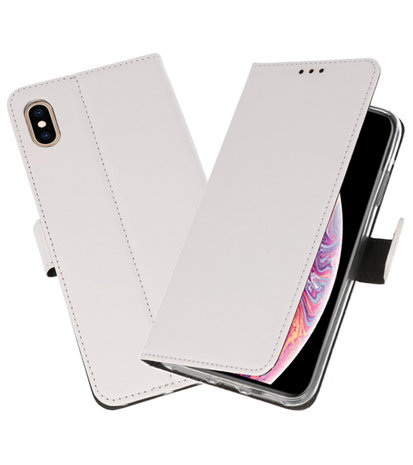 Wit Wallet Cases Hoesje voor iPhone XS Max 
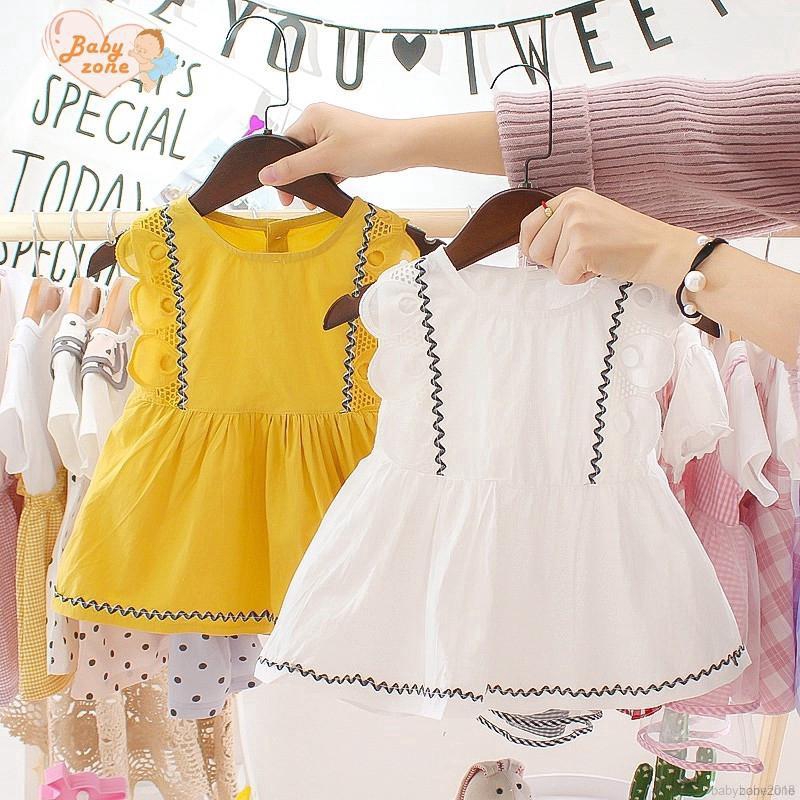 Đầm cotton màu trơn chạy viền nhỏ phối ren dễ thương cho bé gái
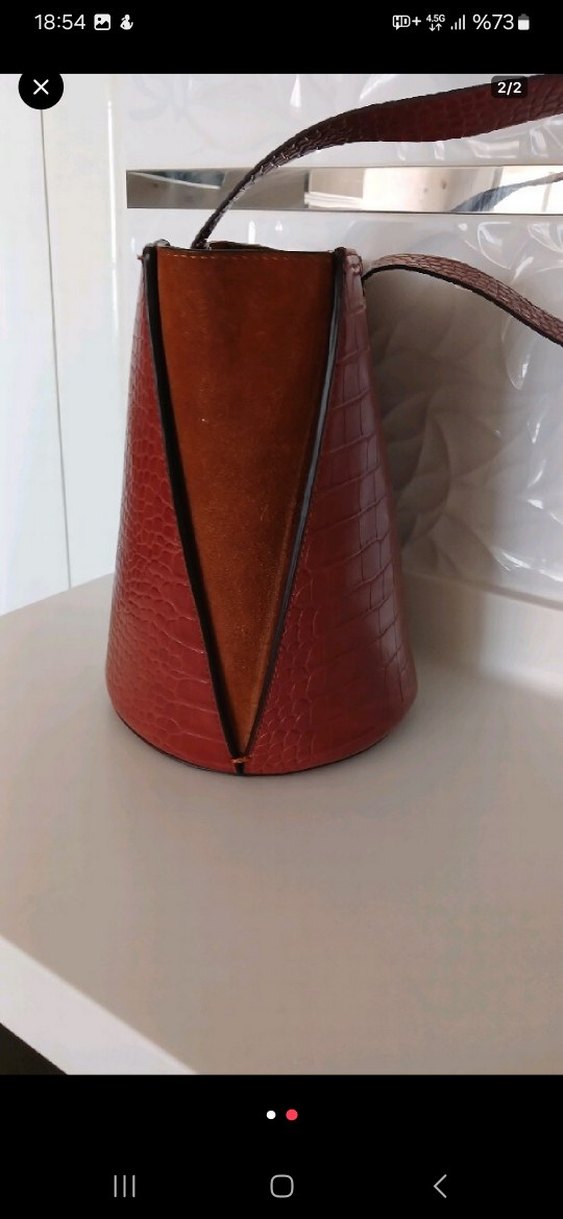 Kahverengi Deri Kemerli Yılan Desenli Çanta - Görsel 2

• • •

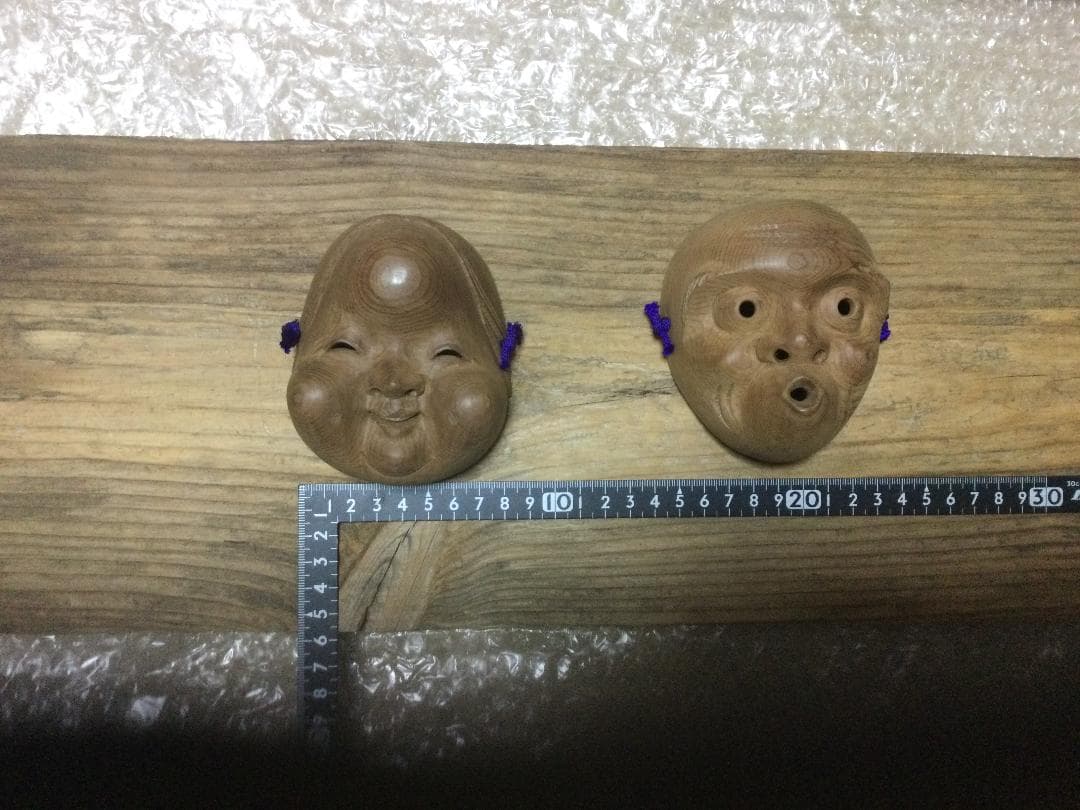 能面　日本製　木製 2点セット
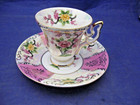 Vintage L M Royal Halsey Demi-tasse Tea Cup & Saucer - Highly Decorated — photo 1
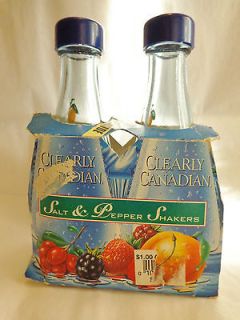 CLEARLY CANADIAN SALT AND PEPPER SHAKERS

• • •

Brief ▸ When you reach the line that has "能面　日本製　木製 2点セット" in the data above, start repeating lines exactly, and stop after the line that has "CLEARLY CANADIAN SALT AND PEPPER SHAKERS"; pictures stay out.

Response box ▸
 能面　日本製　木製 2点セット
 Vintage L M Royal Halsey Demi-tasse Tea Cup & Saucer - Highly Decorated — photo 1
 CLEARLY CANADIAN SALT AND PEPPER SHAKERS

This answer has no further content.